We Ain’t Here for the Party, We Here to Blow it Up!
The police, the military, everybody comes running towards you with the guns, missiles hell, even the mechs come out later on in the game. Basically, Destroy All Humans is learning how to stay calm and handle ultimate chaos. When it comes to certain missions, you better walk in there with a plan or else you’re going to be struggling with that retry button. I appreciated the various options they give you on how to complete a mission, and the consequences they present to you, for those choices.
An example, when it comes to games, I’m not stealthy at all. I am too scared. It’s all guerilla warfare and then run back into hiding. The game’s option for stealth is interesting. You have the option of taking on the body of any human being (given that your identity hasn’t been compromised) and complete certain tasks. I thoroughly enjoyed it until I realized that you cannot use weapons while under this mask, so I just kept getting caught. Unless the game calls for it, all stealth is thrown out the window. Murk everybody! In order to keep this mask, you have to read other people’s minds, and that was the fun part. That comedic moment of being a small gray alien and then you pop out from a palm tree and all of a sudden, you’re a completely different species with a mission to destroy.
Blame the Communists
With that being said, I believe that’s what the game did best. It was hilarious, and I never went passed 30 minutes without laughing. This play on making humans caricatures that lack intelligence and aliens infiltrating the system that was set up to brainwash the human race was really great.
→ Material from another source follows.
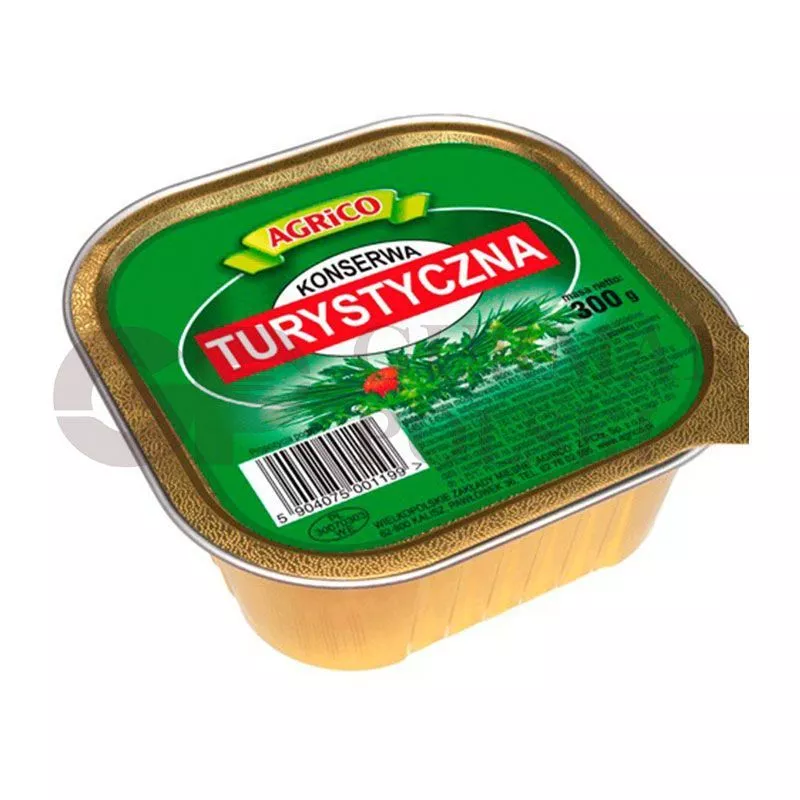 Conserva TURYSTYCZNA 300g AGRICO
The digs at the political system, the military and just the surface level belief systems of the human race are genuinely attacked here, and I couldn’t have it any other way. The best parts are when seemingly simple concepts are broken down while you lay back in the recliner, sifting through the air and aiming your death laser at the nearest diner. Why do humans do these things? It’s absolutely disgusting.
At the same time when it comes to humor and gameplay, I had a lot of conflicting emotions with this game as a whole. Though its greatest strength is its humor, I wished for more when it came to the storyline. The game overall felt pretty predictable, and there could be power in that when done in an innovative manner, but the predictability made it lack luster. An example of innovative predictability would be a superhero game you know at the end no matter what the superhero wins, but on the journey to get there what are the creators doing to make the path interesting? I wanted more from Crypto’s adventures than great laughs. The underlying metaphors overall was beautiful, but if that actually translated into the development of the story that would have made my experience worthwhile.
Did the game do well with enhancing the quality since its initial release in 2005? Sure. If that was the end goal, then they did their job to a satisfactory level. The missions got a bit challenging at some points, as most games do. Getting over the humps of being introduced to mechs and secret agents was absolutely annoying if you didn’t keep a plan. It felt like a puzzle you had to solve before stepping out into the battlefield. I feel like this game would have done well with a couch co-op mode so that you and someone else could plan out these missions together. Destroy All Humans is a fun game that you would play while company is over, or after a hard day of work and if you just want to daze off; but it isn’t something that I would run to if I’m in the mood for an experience. Destroy All Humans is available now for PS4, Xbox One and PC!